Le tribunal considère que la description de la nature et des caractéristiques du matériel est notoirement insuffisante, insuffisance confortée par les discordances entre le contrat et le « procès verbal de réception du matériel » et à ce titre dira le contrat nul.

 

Sur le montant de la condamnation au titre de l'article 700 du NCPC :

Le montant n'est pas justifié par le demandeur, il apparaît excessif au tribunal qui le ramènera à 500 euros.

 

Sur les dépens :

Celui qui succombe supporte les dépens.

 

DISPOSITIF (décision proprement dite)                                                            (N.B. : mention ne figurant pas sur l’original)

PAR CES MOTIFS :

Le Tribunal,

Après en avoir délibéré conformément à la loi,

Statuant par jugement contradictoire et en premier ressort,

Vu l'article L. 121-23 du Code de la Consommation,

- reçoit l'EURL HL AUTO en son opposition et la déclare bien fondée.

- dit et juge le contrat conclu le 26 novembre 1998 entre l'EURL HL AUTO et LOCAM SA nul.

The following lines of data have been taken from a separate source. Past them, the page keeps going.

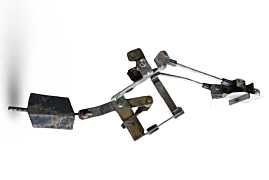 Timonerie de pe Cutie De Viteze Manuala Viteze Manuala Volkswagen Bora 1.4 Benzina 16 Valve 1998 - 2006 Cod 1J0711202D, 1J0711183D, 1J0711183E [MX0569]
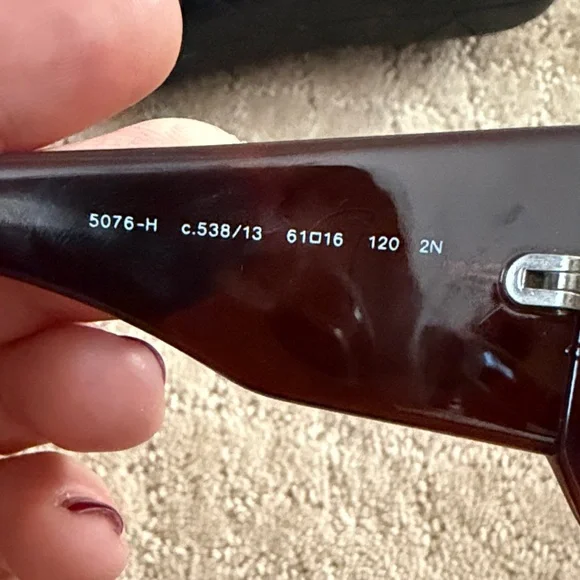 CHANEL Tortoise Sunglasses with Quilted Black Case - Picture 3 of 5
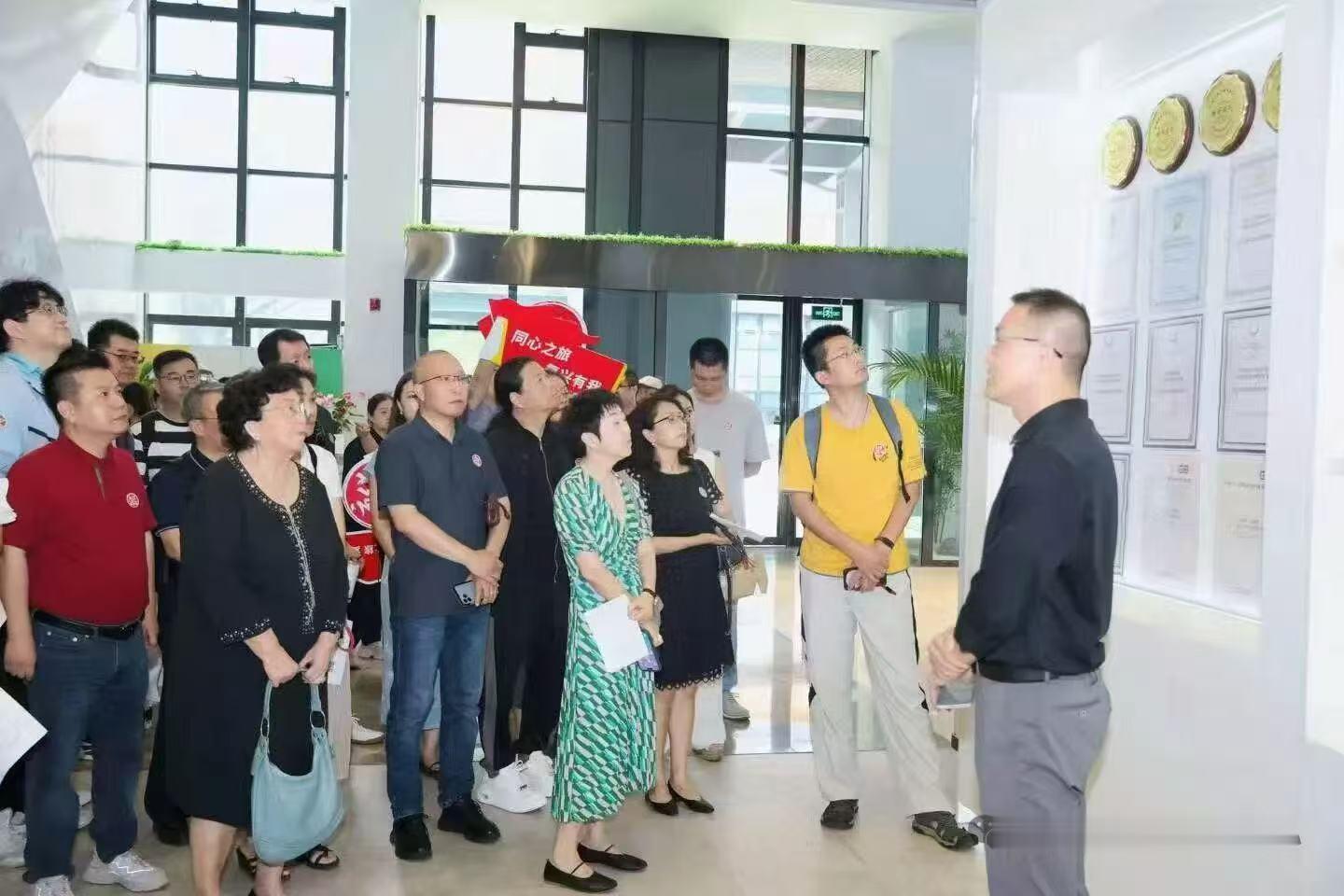 同心之旅 复兴有我深耕AI不能畏惧质疑的声音，黄伟把目光投向产业落地。医疗大模型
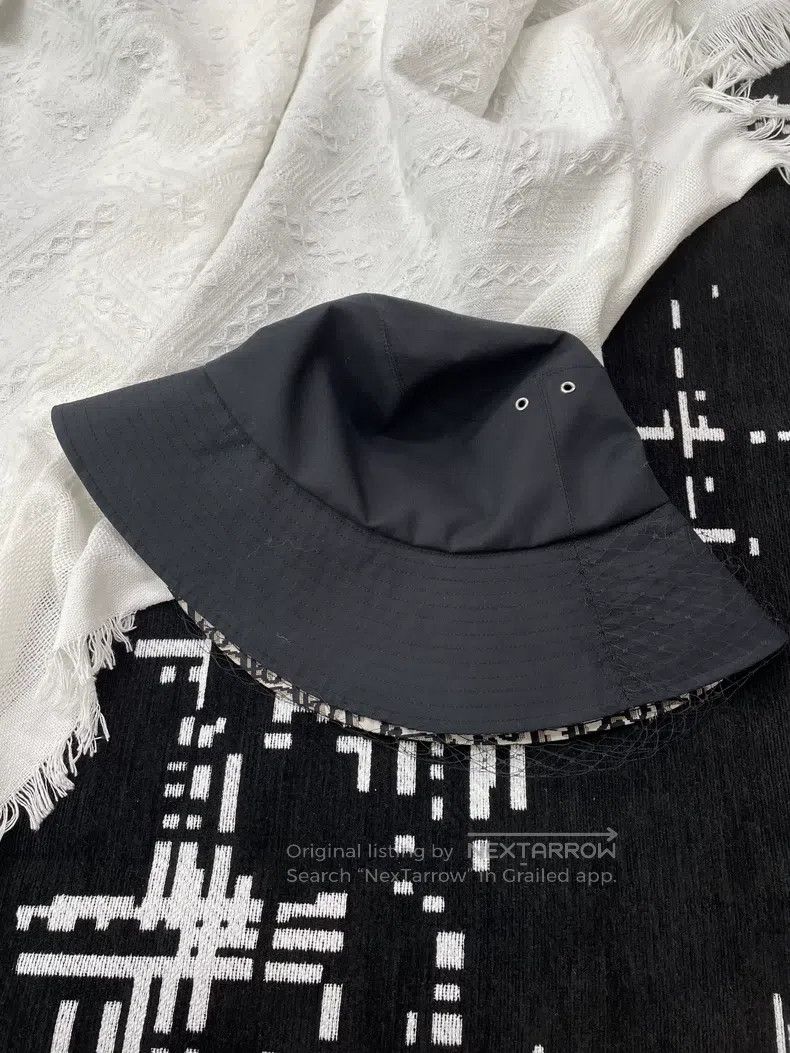 Dior Dior Lace-stitched fisherman's hat Size ONE SIZE - 2 Thumbnail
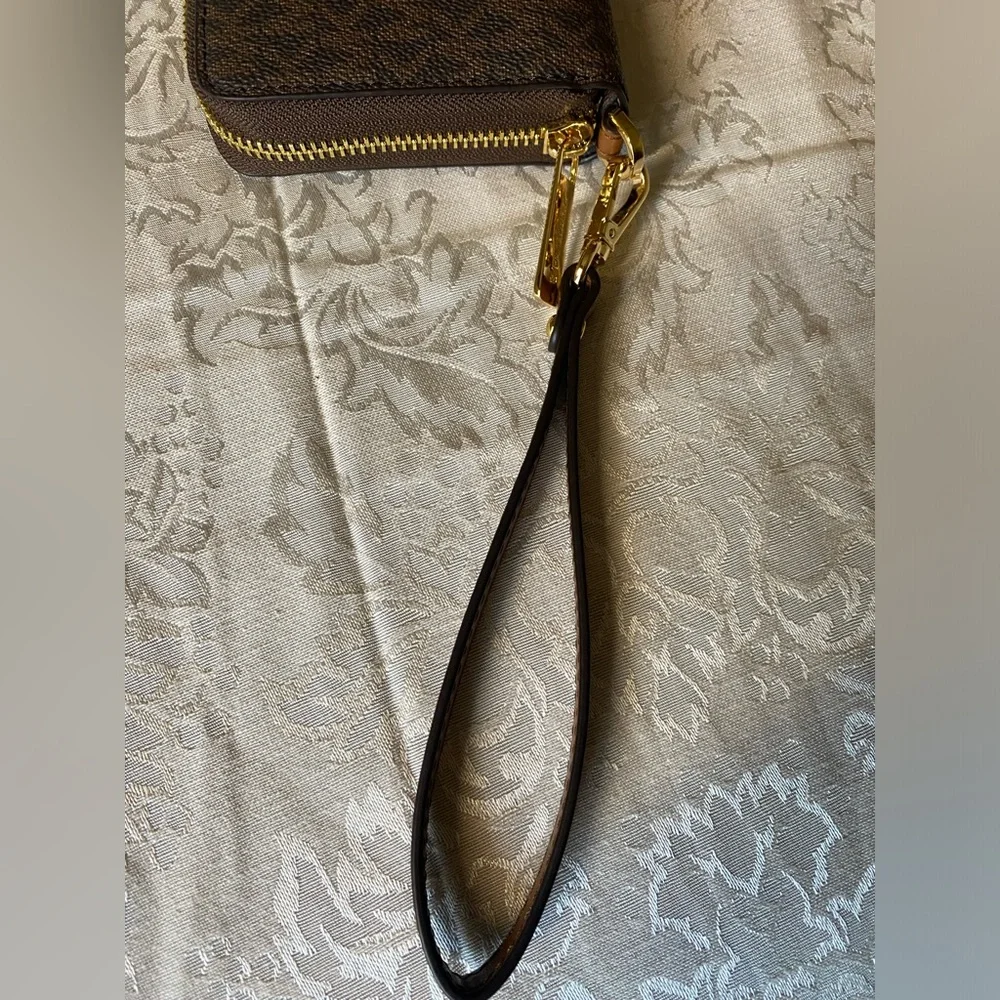 Michael Kors wristlet NWT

- [minute page 5] donne acte à l'EURL HL AUTO que le matériel est à la disposition de LOCAM SA

- déboute LOCAM SA de toutes ses demandes,

- condamne la société LOCAM à payer une somme de 500 euros au titre de l'article 700 du NCPC,

- condamne la société LOCAM aux entiers dépens de l’instance liquidés pour frais de greffe à la somme de 115,52 € TTC.